The Ballad of Isy Jones
The Ace Backwords Report
  (journal entry) February 4, 2007, SUPER SUNDAY!!!

     I have this almost unbearable sadness in me now.  I wonder if its finally taken ahold of me for good.  This battle I've fought all my life.
     Isy Jones's death last month -- jumping in front of a train in final, permanent, agonizing torment -- was like some final nail in my coffin.
     I can't help thinking of that period -- 1993 and 1994 -- which I always look back on in my mind's eye as an endless sunny, summer day.  We were all young and strong and full of hope for some glorious Future that we were sure was just around the corner if we could just hot-wire the thing.  Hot-wire Reality.
     Now, 13 painful years later, I sit back and watch all the people dying horrible, agonizing deaths, one after another.  Its like we're getting picked off, one after another.  And I'm next.  I look at the list of names on the TELEGRAPH AVENUE STREET MUSIC CD  -- Anthony, Monk, Comatoes, Charles, Zack, Duncan, Isy, etc -- and watch them wiping out, one after another.  Coming to bad ends.

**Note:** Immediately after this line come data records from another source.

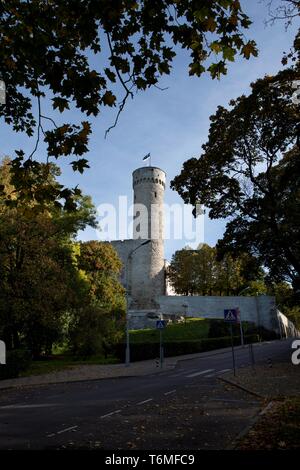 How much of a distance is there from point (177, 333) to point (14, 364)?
1166 inches

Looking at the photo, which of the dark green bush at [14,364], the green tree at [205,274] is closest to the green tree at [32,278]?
the dark green bush at [14,364]

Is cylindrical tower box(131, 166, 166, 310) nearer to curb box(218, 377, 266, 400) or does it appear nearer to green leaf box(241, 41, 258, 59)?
curb box(218, 377, 266, 400)

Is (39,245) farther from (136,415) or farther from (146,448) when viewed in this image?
(146,448)

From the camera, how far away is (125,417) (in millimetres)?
10555

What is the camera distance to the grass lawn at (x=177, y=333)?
1871 inches

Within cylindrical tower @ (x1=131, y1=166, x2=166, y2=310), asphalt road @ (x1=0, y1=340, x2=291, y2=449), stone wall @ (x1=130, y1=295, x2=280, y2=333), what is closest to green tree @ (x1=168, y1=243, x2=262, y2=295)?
cylindrical tower @ (x1=131, y1=166, x2=166, y2=310)

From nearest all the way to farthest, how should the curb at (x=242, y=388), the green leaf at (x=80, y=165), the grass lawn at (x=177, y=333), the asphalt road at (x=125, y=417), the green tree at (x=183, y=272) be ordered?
the green leaf at (x=80, y=165) → the asphalt road at (x=125, y=417) → the curb at (x=242, y=388) → the grass lawn at (x=177, y=333) → the green tree at (x=183, y=272)

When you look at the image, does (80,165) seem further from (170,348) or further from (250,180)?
(170,348)

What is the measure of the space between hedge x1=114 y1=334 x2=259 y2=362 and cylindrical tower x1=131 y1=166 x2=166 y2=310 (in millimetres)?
→ 27368

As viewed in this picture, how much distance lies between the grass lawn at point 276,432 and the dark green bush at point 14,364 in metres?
17.4

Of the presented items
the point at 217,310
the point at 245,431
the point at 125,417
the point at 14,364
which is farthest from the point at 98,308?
the point at 217,310

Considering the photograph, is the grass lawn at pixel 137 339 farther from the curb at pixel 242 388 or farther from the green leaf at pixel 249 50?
the green leaf at pixel 249 50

     You wonder if you're under some kind of curse.
     I'm vaguley haunted by my last interaction with Isy (Am I fated to end all these games -- all my "relationships" -- on a losing note, an unresolved note?).
     It was around December 9th (as I count the days backwards, as I always do, realize its already been almost 2 months, as the memory of Isy and everything that he once was, rushes into the Oblivion of the past)...

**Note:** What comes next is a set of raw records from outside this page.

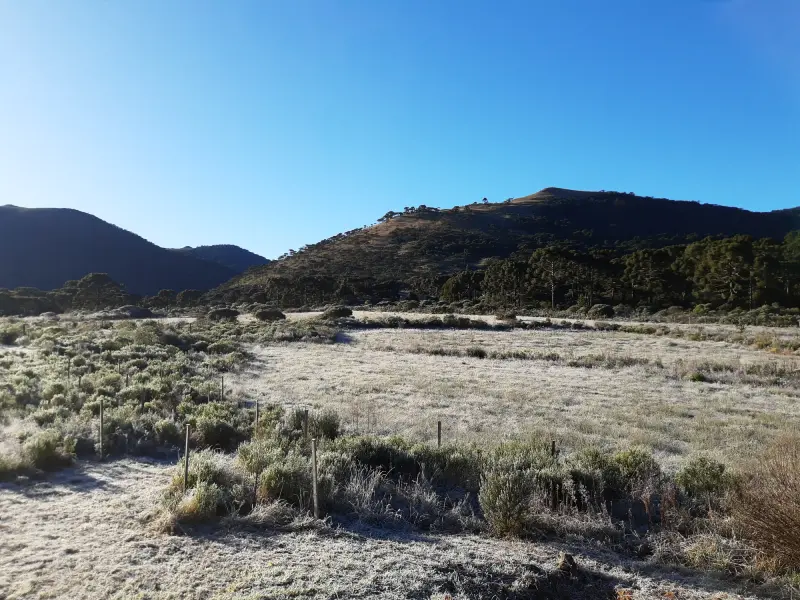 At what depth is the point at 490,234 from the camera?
11700cm

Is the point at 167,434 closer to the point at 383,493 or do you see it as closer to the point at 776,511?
the point at 383,493

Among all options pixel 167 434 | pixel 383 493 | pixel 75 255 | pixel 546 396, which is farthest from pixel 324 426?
pixel 75 255

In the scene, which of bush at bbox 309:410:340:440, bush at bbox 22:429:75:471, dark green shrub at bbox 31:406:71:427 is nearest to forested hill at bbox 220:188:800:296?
dark green shrub at bbox 31:406:71:427

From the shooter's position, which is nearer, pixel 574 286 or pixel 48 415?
pixel 48 415

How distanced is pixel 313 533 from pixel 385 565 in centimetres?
105

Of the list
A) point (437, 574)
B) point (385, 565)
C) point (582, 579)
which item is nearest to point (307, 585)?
point (385, 565)

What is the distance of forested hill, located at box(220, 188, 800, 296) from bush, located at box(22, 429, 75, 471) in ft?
232

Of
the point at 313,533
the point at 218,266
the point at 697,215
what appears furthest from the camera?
the point at 218,266

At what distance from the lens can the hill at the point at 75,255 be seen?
337ft

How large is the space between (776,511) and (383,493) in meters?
4.26

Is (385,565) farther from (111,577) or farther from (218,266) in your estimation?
(218,266)

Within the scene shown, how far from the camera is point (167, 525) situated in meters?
5.61

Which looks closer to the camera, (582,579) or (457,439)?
(582,579)

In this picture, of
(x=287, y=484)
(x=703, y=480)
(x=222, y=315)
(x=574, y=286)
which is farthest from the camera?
(x=574, y=286)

     Isy, on his own accord, has approached me and eagerly offered to buy me a $20 bag of chrystal meth if I've got the dough.  He's got it all lined up.
     "This isn't going to be a complicated deal?" I ask, as I always ask with Isy, from painful past experiences, having wasted 6 or 7 hours waiting around on a dark street-corner, only to get burned by Isy, on "simple, easy deals" Isy had set up before.   So I tend to stress that point before I get into a weird "situation" with weird people, and Godknowswhat (factor in the generally deranging power of  chrystal meth, and the fact that virtually every person involved in "the deal" is angling to burn you, plus the cop/paranoia/arrest factor, plus the generally complicated nature of ANY free-lance entrepenuerial enterprise of commerce involving more than 4 people (3 of whom are insane, including me) in complex patterns of social behavior -- and you have all the ingredients for a "complicated" situation.
     "No, I'll be right back!  I got it all set up in the Park!" insists Isy, with that air of frantic urgency that Isy always got when involved with all things chrystal methamphetamine (arms jerking up in the air as he talked, etc.)
     "Okay," I said, making that fateful, and sometimes fatal, commitment of pressing the $20 bill into Isy's hand (Flashing on the memory of another time I had slipped Isy a bill in similar circumstances, Isy walked off and returned 6 hour later, empty-handed,alas, but at least he returned my bill THAT time -- a minor miracle in itself -- but what was odd was the bill itself -- it was crumpled and wrinkled almost beyond belief, with this strange, glossy sheen to the surface, as if Isy had been frantically rubbing and carressing and folding and unfolding the bill non-stop, with enormous finger pressure for the entire 6 hours the bill was stuffed in his pocket.).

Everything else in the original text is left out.